Directions for this task:
When you reach the line in the listing below that contains "to me three", begin returning lines exactly as written, and stop after the line that contains "the year, when". Return no other lines.

Task inputs:
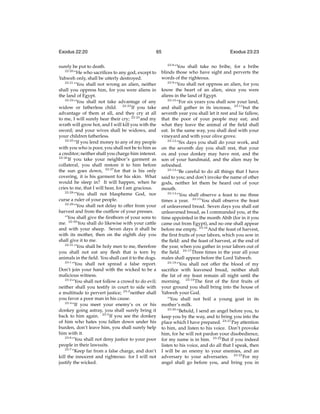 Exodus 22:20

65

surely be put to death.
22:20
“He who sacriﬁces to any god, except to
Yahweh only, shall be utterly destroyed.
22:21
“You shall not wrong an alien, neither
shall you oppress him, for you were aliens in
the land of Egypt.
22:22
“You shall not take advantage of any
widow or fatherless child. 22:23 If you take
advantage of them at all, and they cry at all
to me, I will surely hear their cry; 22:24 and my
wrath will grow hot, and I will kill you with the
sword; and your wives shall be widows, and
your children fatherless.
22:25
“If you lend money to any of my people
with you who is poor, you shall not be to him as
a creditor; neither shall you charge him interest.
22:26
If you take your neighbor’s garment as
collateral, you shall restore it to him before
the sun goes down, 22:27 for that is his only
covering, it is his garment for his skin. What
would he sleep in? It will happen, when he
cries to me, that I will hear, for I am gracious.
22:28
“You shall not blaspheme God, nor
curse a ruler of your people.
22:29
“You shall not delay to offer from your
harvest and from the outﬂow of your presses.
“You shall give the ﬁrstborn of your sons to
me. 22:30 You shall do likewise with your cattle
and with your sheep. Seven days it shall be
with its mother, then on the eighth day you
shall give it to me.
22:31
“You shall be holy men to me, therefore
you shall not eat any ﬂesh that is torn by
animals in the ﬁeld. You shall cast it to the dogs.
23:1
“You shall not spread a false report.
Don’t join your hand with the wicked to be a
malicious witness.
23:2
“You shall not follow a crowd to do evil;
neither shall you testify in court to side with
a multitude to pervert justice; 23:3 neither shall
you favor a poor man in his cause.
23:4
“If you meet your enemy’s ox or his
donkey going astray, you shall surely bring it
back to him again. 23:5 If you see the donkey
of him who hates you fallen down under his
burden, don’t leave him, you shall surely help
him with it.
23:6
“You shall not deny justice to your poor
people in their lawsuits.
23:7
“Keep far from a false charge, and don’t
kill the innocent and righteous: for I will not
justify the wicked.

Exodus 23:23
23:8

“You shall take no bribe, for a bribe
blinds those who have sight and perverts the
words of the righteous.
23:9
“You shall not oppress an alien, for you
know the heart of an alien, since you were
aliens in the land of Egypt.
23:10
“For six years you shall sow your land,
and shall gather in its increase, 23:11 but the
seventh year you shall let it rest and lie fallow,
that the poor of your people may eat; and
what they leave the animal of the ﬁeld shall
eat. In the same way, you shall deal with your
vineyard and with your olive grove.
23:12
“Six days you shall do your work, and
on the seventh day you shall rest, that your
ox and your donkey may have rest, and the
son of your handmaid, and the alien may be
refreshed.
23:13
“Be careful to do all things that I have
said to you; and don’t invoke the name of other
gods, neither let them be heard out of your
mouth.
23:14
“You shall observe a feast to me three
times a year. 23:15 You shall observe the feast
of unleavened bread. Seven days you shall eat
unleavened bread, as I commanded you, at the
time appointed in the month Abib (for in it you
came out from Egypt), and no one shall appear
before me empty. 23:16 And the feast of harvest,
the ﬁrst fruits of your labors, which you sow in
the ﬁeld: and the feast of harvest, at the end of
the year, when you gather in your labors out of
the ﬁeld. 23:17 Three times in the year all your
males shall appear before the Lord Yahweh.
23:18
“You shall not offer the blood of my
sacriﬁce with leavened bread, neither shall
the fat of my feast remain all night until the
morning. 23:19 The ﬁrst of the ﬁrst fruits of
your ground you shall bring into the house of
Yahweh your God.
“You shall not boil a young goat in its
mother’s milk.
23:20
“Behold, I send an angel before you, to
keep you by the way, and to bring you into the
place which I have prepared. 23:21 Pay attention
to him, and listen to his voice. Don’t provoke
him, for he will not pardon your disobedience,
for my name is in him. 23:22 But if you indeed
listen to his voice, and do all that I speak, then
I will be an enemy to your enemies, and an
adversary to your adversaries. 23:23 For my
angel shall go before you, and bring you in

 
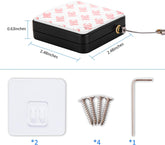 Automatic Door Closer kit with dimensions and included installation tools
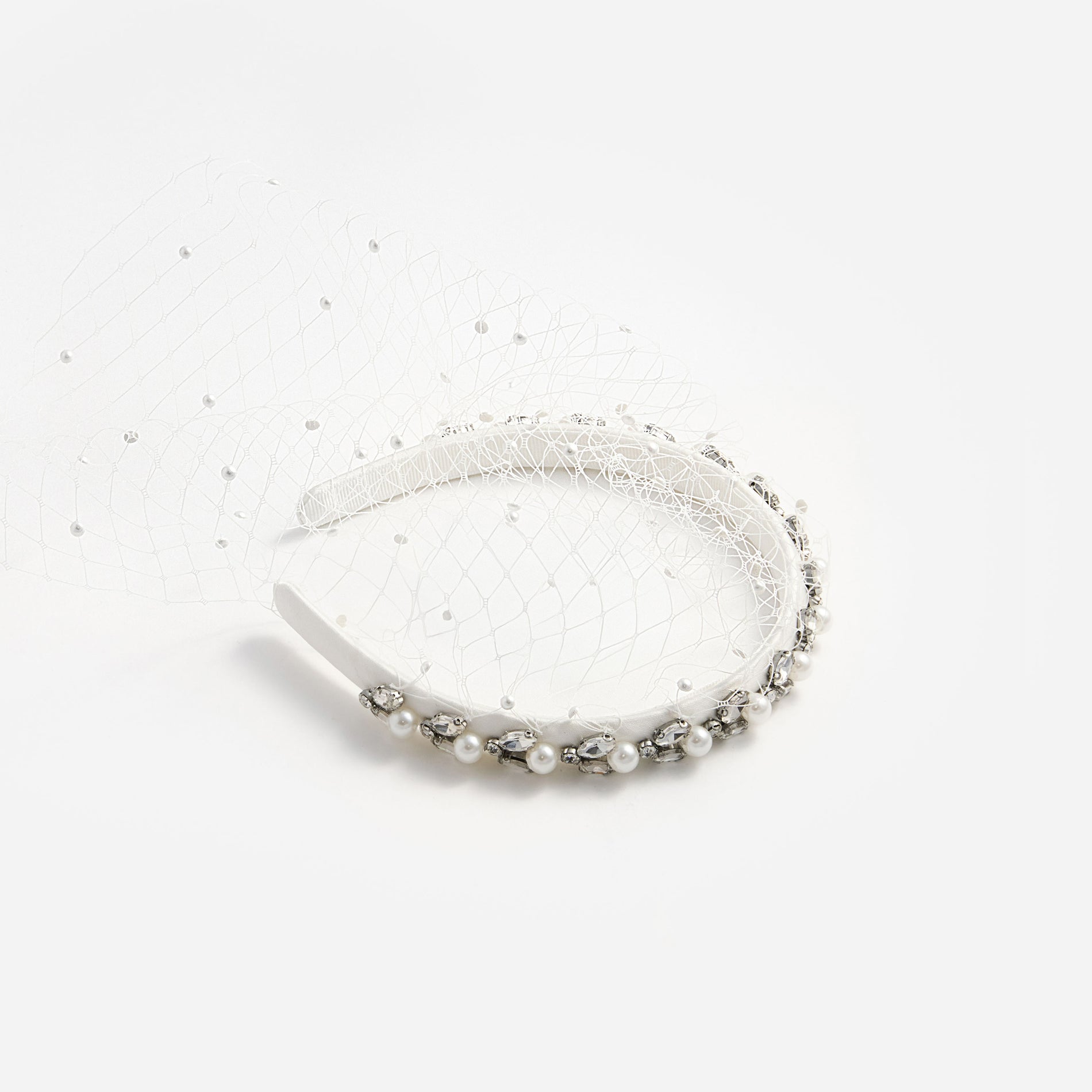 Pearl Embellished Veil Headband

Output:
“You shall observe a feast to me three
times a year. 23:15 You shall observe the feast
of unleavened bread. Seven days you shall eat
unleavened bread, as I commanded you, at the
time appointed in the month Abib (for in it you
came out from Egypt), and no one shall appear
before me empty. 23:16 And the feast of harvest,
the ﬁrst fruits of your labors, which you sow in
the ﬁeld: and the feast of harvest, at the end of
the year, when you gather in your labors out of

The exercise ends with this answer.